[INPUT DATA — start]
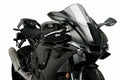 Puig Front Gp Spoiler Black For Yamaha Yzf-r1 2020-2023 Street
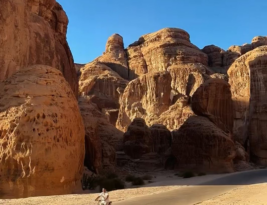 “Uncovering AlUla: A 5-Day Journey Through Saudi Arabia’s Desert Wonders and Ancient Treasures”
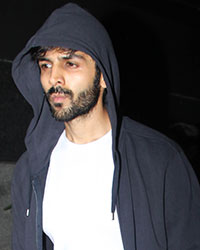 Kartik Aaryan at Stars Spotted 2018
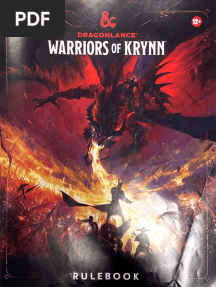 Manual Warrior Krynn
[INPUT DATA — finish]
__ACTIVITY__. Copy the full listing above exactly, apart from the pictures.

__REPLY__.
 Puig Front Gp Spoiler Black For Yamaha Yzf-r1 2020-2023 Street
 “Uncovering AlUla: A 5-Day Journey Through Saudi Arabia’s Desert Wonders and Ancient Treasures”
 Kartik Aaryan at Stars Spotted 2018
 Manual Warrior Krynn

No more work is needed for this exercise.